Review of Argo

Argo (2012)
3/10
About as interesting as watching pasta boil
19 February 2013
Warning: Spoilers
Creating suspense when a movie's outcome is pre-ordained is a high art. "Lincoln" (2012) did it. "Flight 93" did it. "Apollo 13" did it. "Flags of Our Fathers" did it. What they shared in common what great characterization. "Argo," on the other hand, is almost solely about the narrative. What little characterization in the script is extremely pedestrian, and none of the hostage actors (except for Tate Donovan) has the chops to infuse it with credibility and empathy.

The casting problem extends to Affleck himself. Always a piece of wood on camera, he again simply speaks his lines rather than embodies them (the scene where the CIA scuttles plan A excepted). Plus, since the movie went to great pains in the credits to show how physically similar the actors were to their real-life counterparts, why didn't Affleck get a portly, curly-haired Latino (Luiz Guzman comes to mind) to play Tony Mendez?
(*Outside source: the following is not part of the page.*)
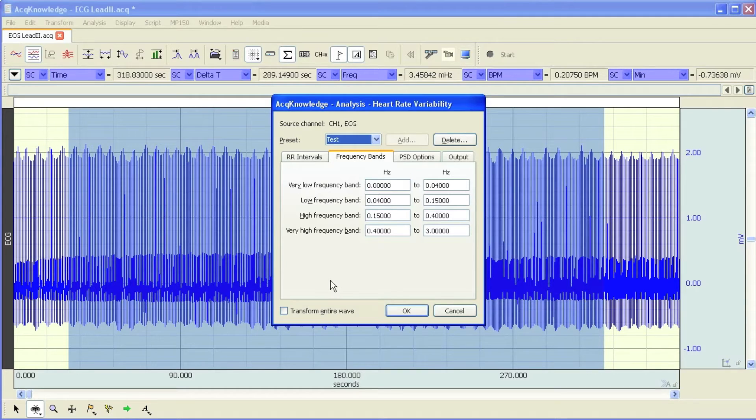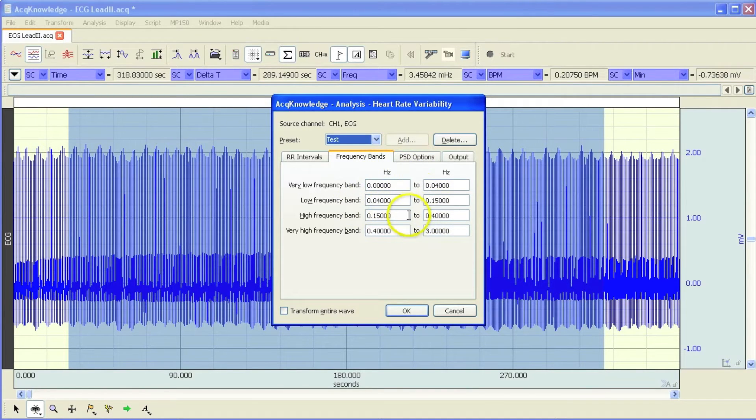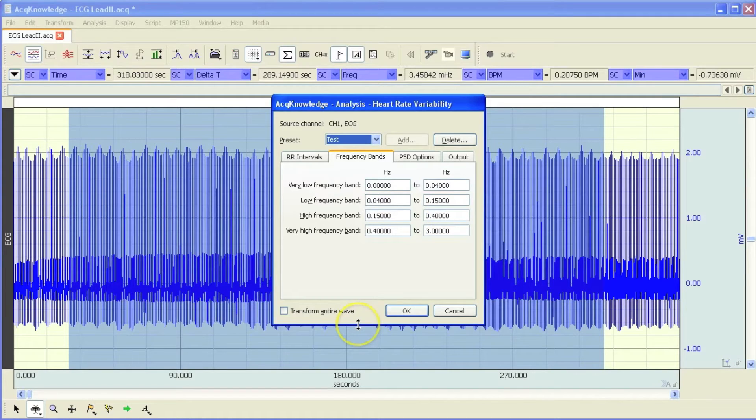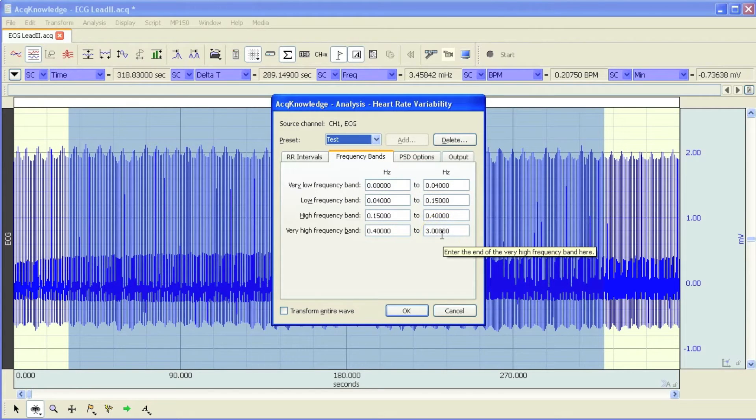And this particular HRV algorithm meets the standards that were, or the frequency domain algorithm standards, as published by the European Heart Journal. But it is possible to modify these if you're trying to compare results from a published paper, and maybe they've used different settings. You can come in here and set these to slightly wider or narrower bands.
The movie could have been more interesting if the story line had followed the actual events of the embassy workers being shuttled from the UK embassy to the Canadian embassy and receiving help from the New Zealand and Denmark embassy staffs. Then, I could have forgiven the hokey and completely fictitious climax. As it was, though, I nodded off a few times prior to the airport scene and simply didn't care at that point whether the hostages pulled off their caper.

Like the pasta boiling, this movie needed some zesty sauce to be more than limp and bland.